This idea of the increasing impact of images is not as clear as we might think. Images can be pictures, but we also have mirror images, images in our minds and dreams. Even writing on a page presents an image including the kinds of typeface used and the texture of the paper upon which it is printed that may bring certain kinds of associations to the reader. If we look at the two menus in , they are a kind of image or visual wholes used to communicate. The menu on the left for a gluten-free burger kitchen is printed on a rougher type of paper than that for the fast-food restaurant to the right where everything looks shiny and smooth. The gluten-free menu has no pictures, whereas we see photographs of almost shining burgers in the fast-food case. But why is this so? Why might it be inappropriate for the gluten-free menu to also carry these? Also the two use colour, fonts and spacing in very different ways. Visual communication in this sense comprises objects and things that we experience as wholes, which are part of everyday life activities and which are built up of observable qualities.

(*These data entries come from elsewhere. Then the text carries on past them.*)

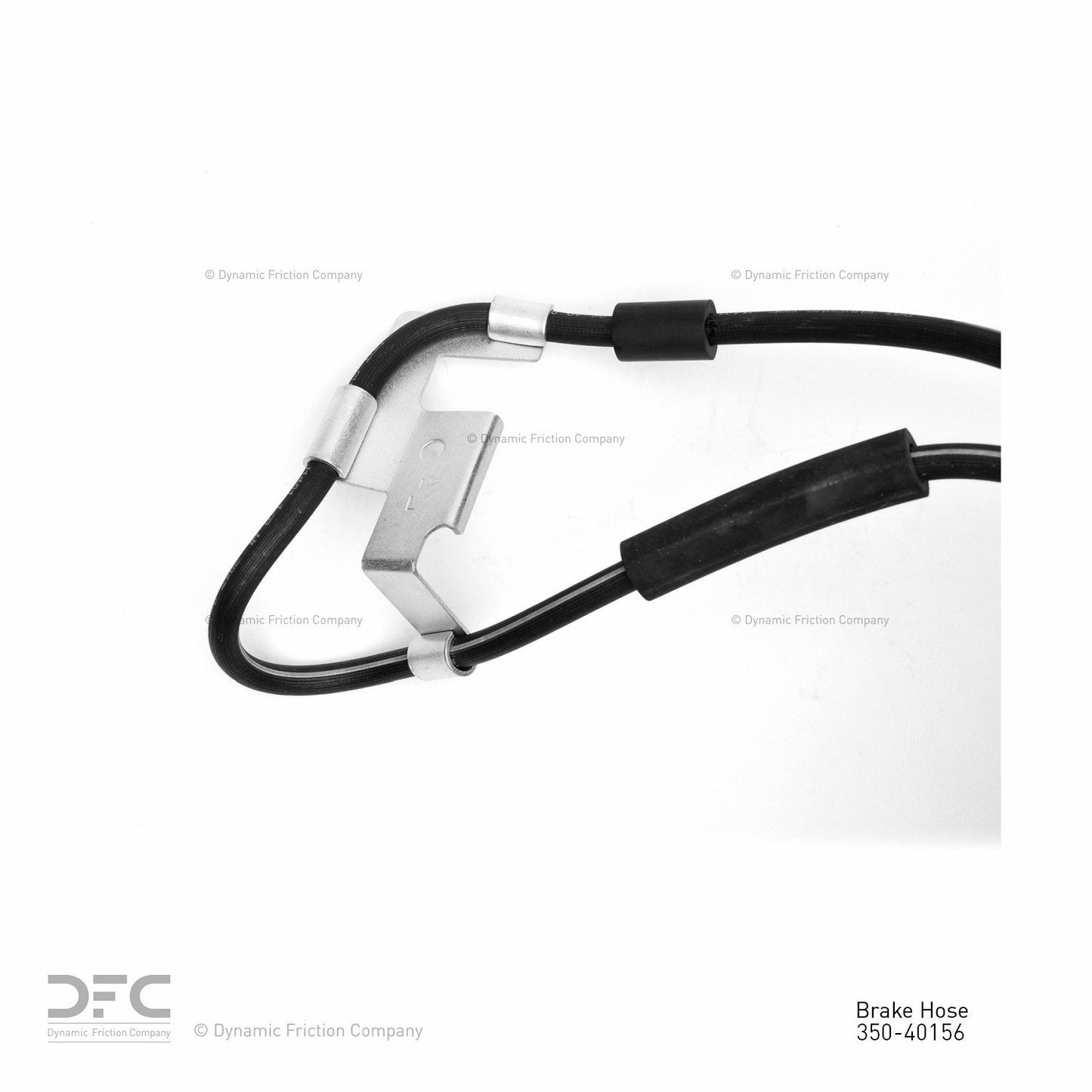 Dynamic Friction Company Brake Hydraulic Hose 350-40156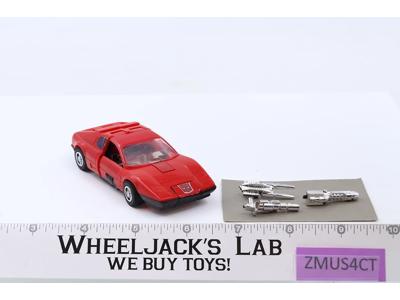 Overdrive 100% Complete 1984 Vintage Hasbro G1 Transformers Action Figure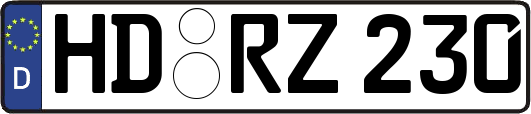 HD-RZ230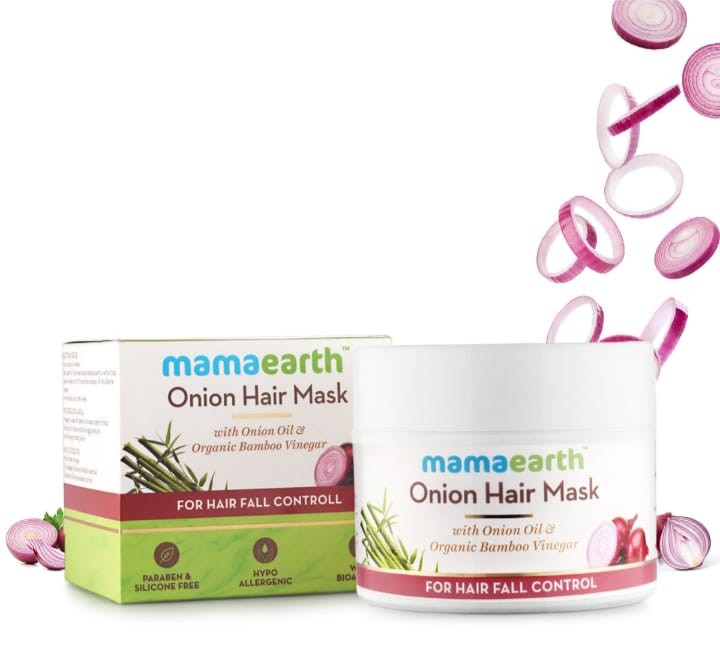 MamaEarth Onion Hair Mask (200ml)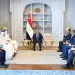 Sisi, Qatari PM discuss ties, regional developments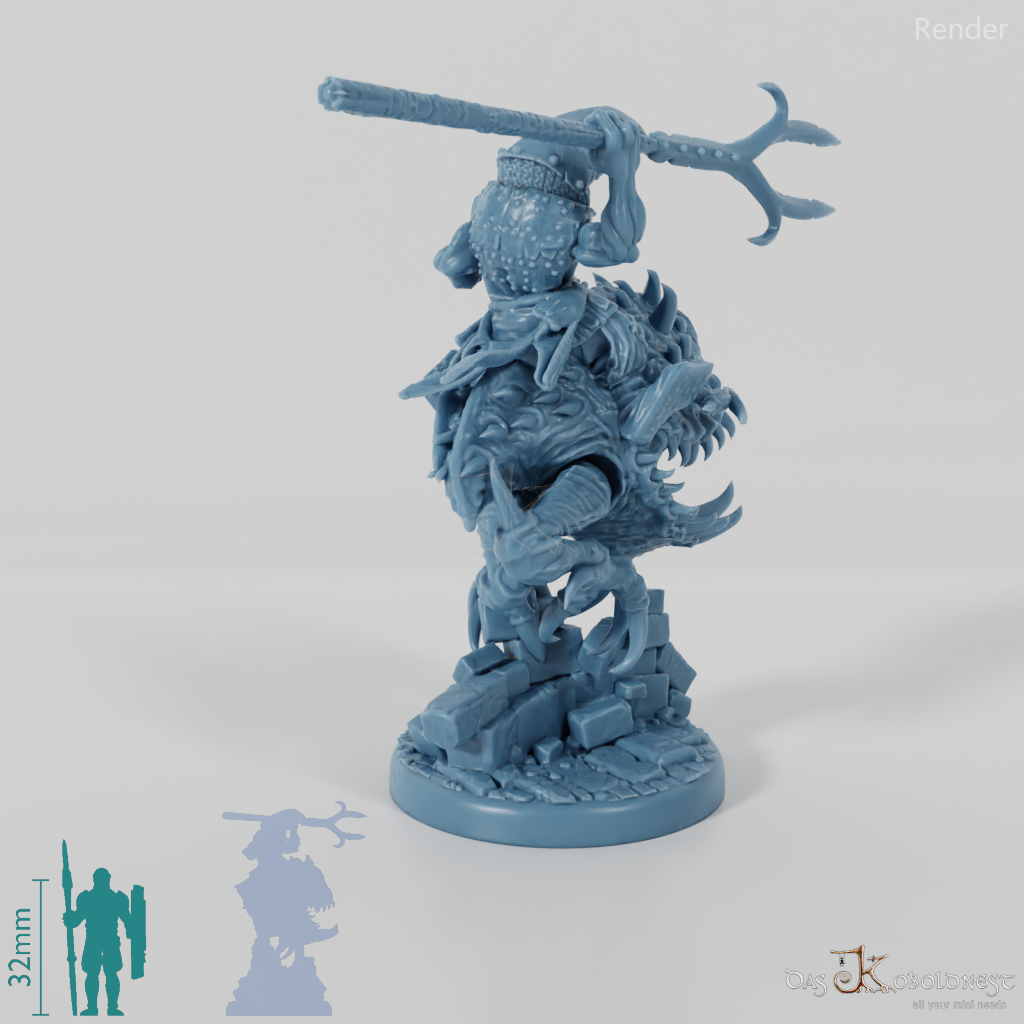 Berggoblin-Trollhundreiter 01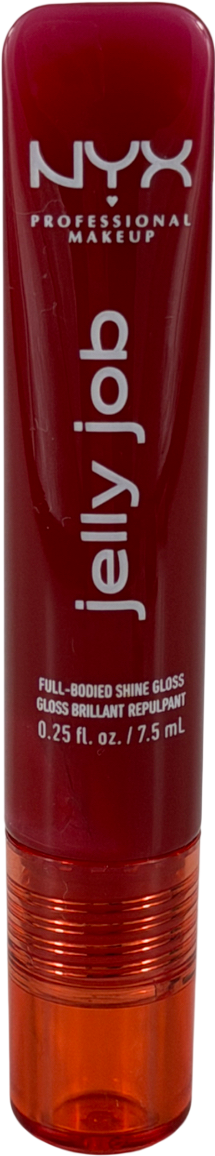 NYX Jelly Job, Full-bodied Shine Gloss, Lip-smoothing Shine Cherry Jelly 7.5ml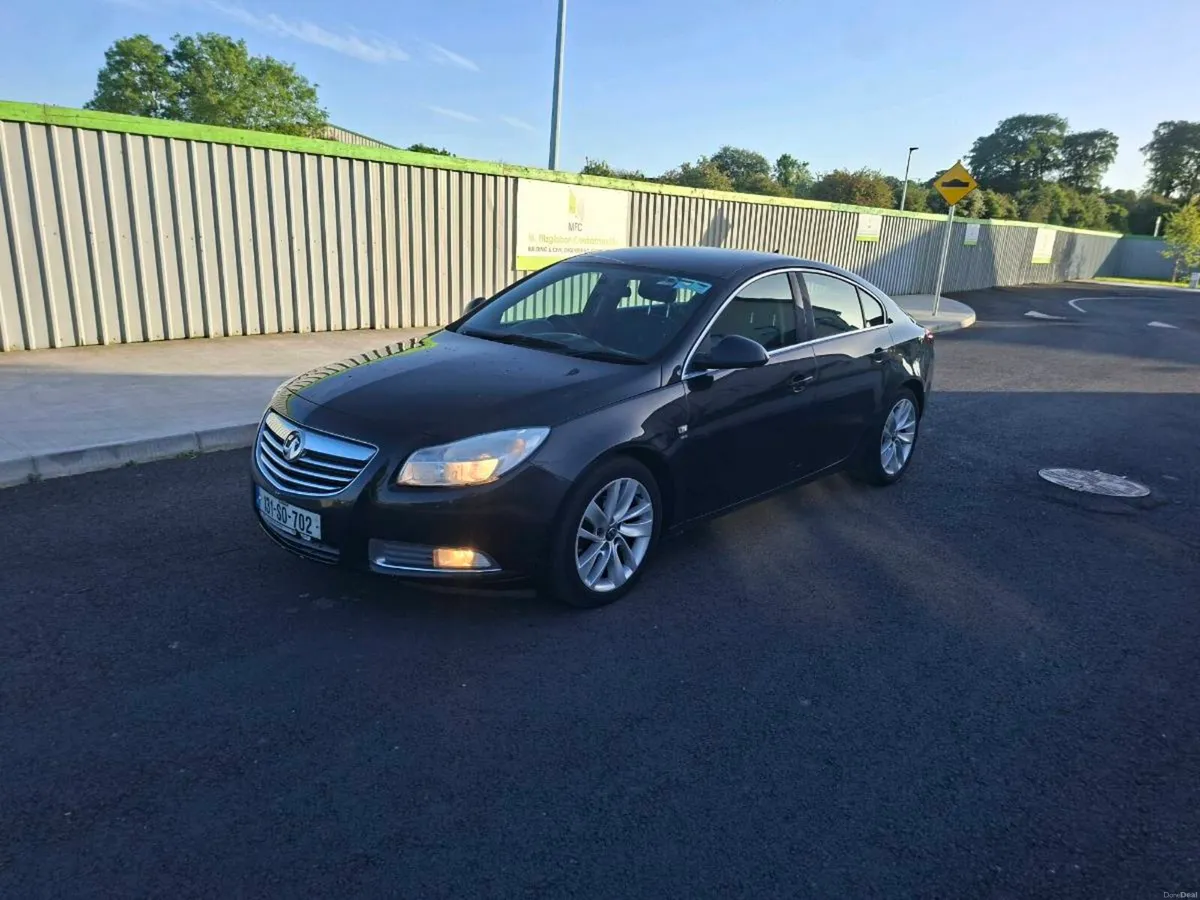 2013 Vauxhall Insignia For Sale (NEW NCT) - Image 2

At a superficial level a casual observer might say that the gourmet-kitchen menu looks more up-market than the fast-food menu. They may say it looks more serious than the more lively fast food. In this book such menus are the kinds of data for which we provide tools for analysis. Both of these are instances of visual communication that are intended to communicate ideas and values about burgers. In marketing terms one of these must communicate ideas of a consumer experience of something more natural, unprocessed, perhaps authentic, while the other must communicate lively, quantity, immediate. What we want to show in this book is that these forms of visual communication can be broken down and analysed in details. While the viewer may experience the menu or other forms of visual communication as a whole, as a physical thing, it is at this level of detail that we can begin to understand how they work. We will be highly specific as to how these ideas of natural or lively can be communicated. And the tools that we present that allow us to do so can allow us to ask and answer all kinds of research questions. For example, a research project may take an interest in the marketing of healthy food, in other words in how food stuffs that are quite ordinary are dressed up to appear natural, traditional or honest.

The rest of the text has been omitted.